======== Given data ========
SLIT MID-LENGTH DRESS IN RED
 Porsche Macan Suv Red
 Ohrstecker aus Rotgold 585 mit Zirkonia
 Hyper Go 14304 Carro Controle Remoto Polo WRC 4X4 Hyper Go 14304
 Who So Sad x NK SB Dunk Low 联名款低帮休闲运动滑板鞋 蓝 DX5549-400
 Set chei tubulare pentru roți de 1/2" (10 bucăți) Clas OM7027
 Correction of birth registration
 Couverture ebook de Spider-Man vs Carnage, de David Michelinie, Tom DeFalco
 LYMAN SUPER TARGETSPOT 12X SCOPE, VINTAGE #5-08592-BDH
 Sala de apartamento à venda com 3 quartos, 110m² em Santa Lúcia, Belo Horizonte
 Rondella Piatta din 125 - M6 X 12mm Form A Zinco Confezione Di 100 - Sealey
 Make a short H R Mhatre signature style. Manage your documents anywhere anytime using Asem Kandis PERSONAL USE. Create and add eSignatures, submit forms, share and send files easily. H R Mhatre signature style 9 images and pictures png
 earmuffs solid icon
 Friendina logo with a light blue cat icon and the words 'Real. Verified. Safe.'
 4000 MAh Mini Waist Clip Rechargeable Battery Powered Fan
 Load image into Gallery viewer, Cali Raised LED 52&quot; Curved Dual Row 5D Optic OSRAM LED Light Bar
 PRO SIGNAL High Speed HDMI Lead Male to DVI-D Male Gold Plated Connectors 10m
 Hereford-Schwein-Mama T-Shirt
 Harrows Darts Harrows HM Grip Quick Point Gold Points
========
• Instructions for the task: The required response is a complete, exact copy of the records.

• Answer section:
SLIT MID-LENGTH DRESS IN RED
 Porsche Macan Suv Red
 Ohrstecker aus Rotgold 585 mit Zirkonia
 Hyper Go 14304 Carro Controle Remoto Polo WRC 4X4 Hyper Go 14304
 Who So Sad x NK SB Dunk Low 联名款低帮休闲运动滑板鞋 蓝 DX5549-400
 Set chei tubulare pentru roți de 1/2" (10 bucăți) Clas OM7027
 Correction of birth registration
 Couverture ebook de Spider-Man vs Carnage, de David Michelinie, Tom DeFalco
 LYMAN SUPER TARGETSPOT 12X SCOPE, VINTAGE #5-08592-BDH
 Sala de apartamento à venda com 3 quartos, 110m² em Santa Lúcia, Belo Horizonte
 Rondella Piatta din 125 - M6 X 12mm Form A Zinco Confezione Di 100 - Sealey
 Make a short H R Mhatre signature style. Manage your documents anywhere anytime using Asem Kandis PERSONAL USE. Create and add eSignatures, submit forms, share and send files easily. H R Mhatre signature style 9 images and pictures png
 earmuffs solid icon
 Friendina logo with a light blue cat icon and the words 'Real. Verified. Safe.'
 4000 MAh Mini Waist Clip Rechargeable Battery Powered Fan
 Load image into Gallery viewer, Cali Raised LED 52&quot; Curved Dual Row 5D Optic OSRAM LED Light Bar
 PRO SIGNAL High Speed HDMI Lead Male to DVI-D Male Gold Plated Connectors 10m
 Hereford-Schwein-Mama T-Shirt
 Harrows Darts Harrows HM Grip Quick Point Gold Points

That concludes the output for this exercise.